Navigating MIT
How to Survive in the Forest of Numbers
MIT exemplifies a uniquely analytical and quantitative intellectual approach. It’s a good thing, usually; after all, scientific revolutions like Newtonian physics began when we started putting stuff into quantitative perspective. MIT, however, took it a bit too far.
Humans are, in general, pretty bad at memorizing numbers (with a few exceptions like Akira Haraguch, who memorized and recited 100,000 digits of pi in 2006). Try to memorize the sequence of following numbers: 32, 7, 10, 19, 56, 21, 52, 40. You probably can’t recite them right away. Average people can hold up to 7 random numbers in their working memory. MIT is (presumably) filled with many smart cookies, but even their working memory is no more spacious — at least not mine.

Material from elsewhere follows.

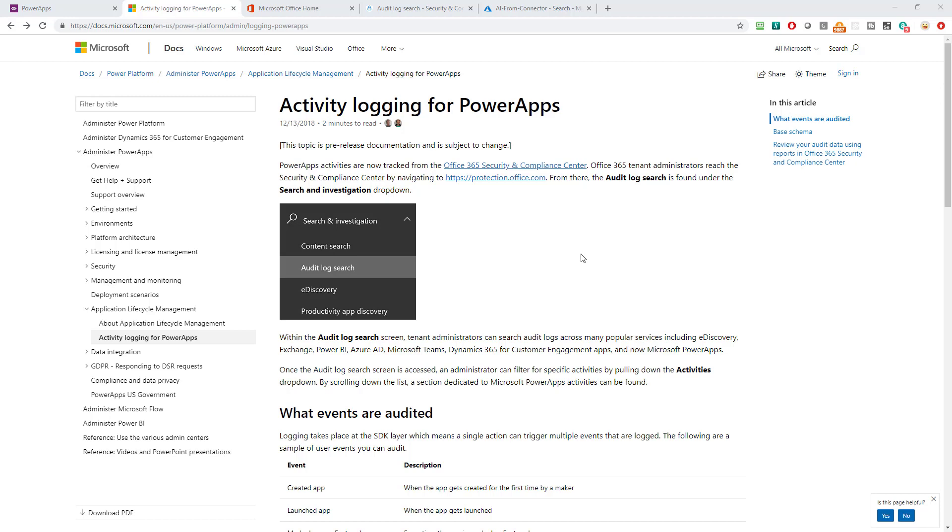So, this is the new one that I really didn't even know this was there for PowerApps. I know I could do it for SharePoint and other things but I hadn't considered looking here for PowerApps. So, let me show you how you can look at this information and what you can learn from it.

MIT named all their buildings into what initially seems to be a sequence of random numbers. There doesn’t appear to be any sensible rationale for doing this, at least in terms of what would make geographic sense. According to my roommate, a sixth-year PhD student, the numbers reflect the order of construction. What a useful metric for navigation!
However, there’s a method to the madness. Knowing the following might help you to find the building where your next class is located when you have only -5 minutes left till the start of the class — -5 minutes, indeed, since the professor of the previous class finished his lecture late. More importantly, you’ll also be able to locate your free food events before the food runs out.
1. The principal components of the campus map are not north-south & east-west axes, but Charles river & Harvard Bridge, which are rotated by about pi/6 radian.
2. The main building complex has the center dome at building 10, and other buildings are placed symmetrically with respect to building 10. The odd numbered buildings are on the left, and even numbered buildings are on the right.
3. Beware of the prefixes! Building 1, Building E1, and Building W1 are all different.
4. Some buildings are not a part of the contiguous campus. These are NE103, EE19, EE20, WW15, WW25, etc.
5. Some interesting buildings, such as the Broad Institute and the Whitehead Institute, are technically not part of MIT but easily accessible. If you work at Building 32 (also more widely known as STATA, one of very few named buildings at MIT) and tired of consuming the products of their quite unorthodox interpretation of Indian cuisine, making a quick trip to the Whitehead canteen may save your hungry yet dainty soul.
If all the above sounds like some gibberish, look at Where Is @MIT. Bookmark it now. Last but definitely not the least — you gotta get out of the campus, at least sometimes. This is crucially important in maintaining your sanity and staying connected to the “real world.”